National Insurance Contributions (NICs)
Another reason your take-home pay might not increase as much as expected is National Insurance. NICs are also based on earnings bands, with different rates applied above certain thresholds.
For employees:
You pay 8% on earnings between £12,570 and £50,270.
You pay 2% on earnings above £50,270.
If your salary rises, more of your income is subject to National Insurance, which adds to the total deductions from your pay.

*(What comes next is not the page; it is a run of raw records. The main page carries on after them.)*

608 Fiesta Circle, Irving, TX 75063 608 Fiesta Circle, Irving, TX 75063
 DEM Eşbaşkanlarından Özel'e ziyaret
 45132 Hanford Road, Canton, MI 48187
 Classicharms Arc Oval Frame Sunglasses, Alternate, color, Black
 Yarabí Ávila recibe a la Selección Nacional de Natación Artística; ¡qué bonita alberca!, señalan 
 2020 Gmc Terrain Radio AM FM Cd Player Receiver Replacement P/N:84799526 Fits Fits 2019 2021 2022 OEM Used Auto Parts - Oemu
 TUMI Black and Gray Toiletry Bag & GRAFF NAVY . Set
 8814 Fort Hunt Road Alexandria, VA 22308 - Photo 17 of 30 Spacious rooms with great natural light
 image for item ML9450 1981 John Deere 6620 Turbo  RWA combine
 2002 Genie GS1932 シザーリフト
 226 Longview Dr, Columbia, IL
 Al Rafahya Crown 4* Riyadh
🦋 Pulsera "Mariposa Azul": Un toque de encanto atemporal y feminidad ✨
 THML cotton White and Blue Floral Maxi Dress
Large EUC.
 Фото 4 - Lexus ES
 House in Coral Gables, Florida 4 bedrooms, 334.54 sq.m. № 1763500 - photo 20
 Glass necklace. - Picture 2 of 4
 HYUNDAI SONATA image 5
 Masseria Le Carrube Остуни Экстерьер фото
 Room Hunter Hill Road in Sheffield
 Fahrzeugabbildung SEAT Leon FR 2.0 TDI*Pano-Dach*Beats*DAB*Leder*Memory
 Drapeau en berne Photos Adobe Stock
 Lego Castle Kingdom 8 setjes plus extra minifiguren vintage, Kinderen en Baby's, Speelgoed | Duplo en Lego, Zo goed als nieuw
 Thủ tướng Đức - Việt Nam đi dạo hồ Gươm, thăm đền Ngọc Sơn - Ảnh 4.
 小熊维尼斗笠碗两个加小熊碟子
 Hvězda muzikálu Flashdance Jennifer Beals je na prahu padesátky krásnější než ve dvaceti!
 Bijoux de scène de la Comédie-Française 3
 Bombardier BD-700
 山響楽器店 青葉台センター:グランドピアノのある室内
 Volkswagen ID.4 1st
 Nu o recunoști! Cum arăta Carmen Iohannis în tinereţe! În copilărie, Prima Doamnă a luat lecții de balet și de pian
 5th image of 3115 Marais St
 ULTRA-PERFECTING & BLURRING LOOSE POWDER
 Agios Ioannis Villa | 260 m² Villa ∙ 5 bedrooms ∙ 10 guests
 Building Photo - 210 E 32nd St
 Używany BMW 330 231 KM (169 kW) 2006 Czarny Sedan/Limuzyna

Other Factors That Can Affect Your Take-Home Pay
1. Student Loan Repayments
If you are repaying a student loan, your repayment amount increases as your income grows. For example, under Plan 2, you pay 9% of earnings above £27,295. A higher salary means higher repayments.
2. Pension Contributions
Many employers use a percentage of your salary to calculate pension contributions. A pay rise increases the amount you contribute, reducing your net pay. Although this lowers take-home pay, it boosts your pension savings.
3. Company Benefits
If your pay rise comes with additional taxable benefits, such as private healthcare or a company car, your tax code may change to collect the right amount of tax on these benefits. This can also affect your monthly deductions.
4. Tax Code Adjustments
Sometimes HMRC adjusts your tax code after a pay rise, particularly if you have multiple sources of income. This ensures the correct amount of tax is collected overall but can cause a temporary increase in deductions.
Why You Might Pay More Tax Than Expected Initially
When you first receive a pay rise, your payroll system may recalculate your year-to-date income and adjust your tax accordingly. This can result in a one-off higher deduction as the system balances what you should have paid up to that point in the tax year.
From the next pay period onward, your deductions should stabilise to reflect your new salary correctly.
Example Scenario
Imagine James earns £40,000 per year and is promoted to £52,000 halfway through the tax year. His employer updates his salary immediately.
Because James’s total projected earnings now cross into the higher-rate bracket, his payroll adjusts his year-to-date figures. His next payslip shows a higher-than-usual tax deduction as PAYE catches up.
By the following month, his payslips return to normal, and his take-home pay increases in line with his new salary.
How to Check If You Are Paying the Right Amount of Tax
Check your tax code: It should reflect your personal allowance and any benefits. Most employees have code 1257L unless HMRC has adjusted it.
Use HMRC’s tax calculator: You can estimate your expected take-home pay online.
Review your payslip: Make sure your gross pay, tax, and National Insurance are calculated correctly.
Contact HMRC or an accountant: If something looks wrong, it is better to clarify it early.
The Role of an Accountant
An accountant can review your pay and tax deductions to ensure they are accurate. They can also help you:
Understand how a pay rise affects your tax position
Check if you are entitled to any tax reliefs
Manage higher-rate tax if you have multiple income sources
Ensure your tax code is correct
For higher earners, professional advice can also help with tax planning, pension contributions, and charitable giving to make the most of your income.
Conclusion
If you pay more tax after a pay rise, it is usually because you are earning more and moving into a higher tax or National Insurance bracket. The increase in deductions is proportional to your higher income, and you still take home more money overall.
Understanding how tax bands work helps avoid confusion and ensures you can plan your finances effectively. Always check your payslip and tax code, and seek advice from an accountant if you believe you are paying more than you should.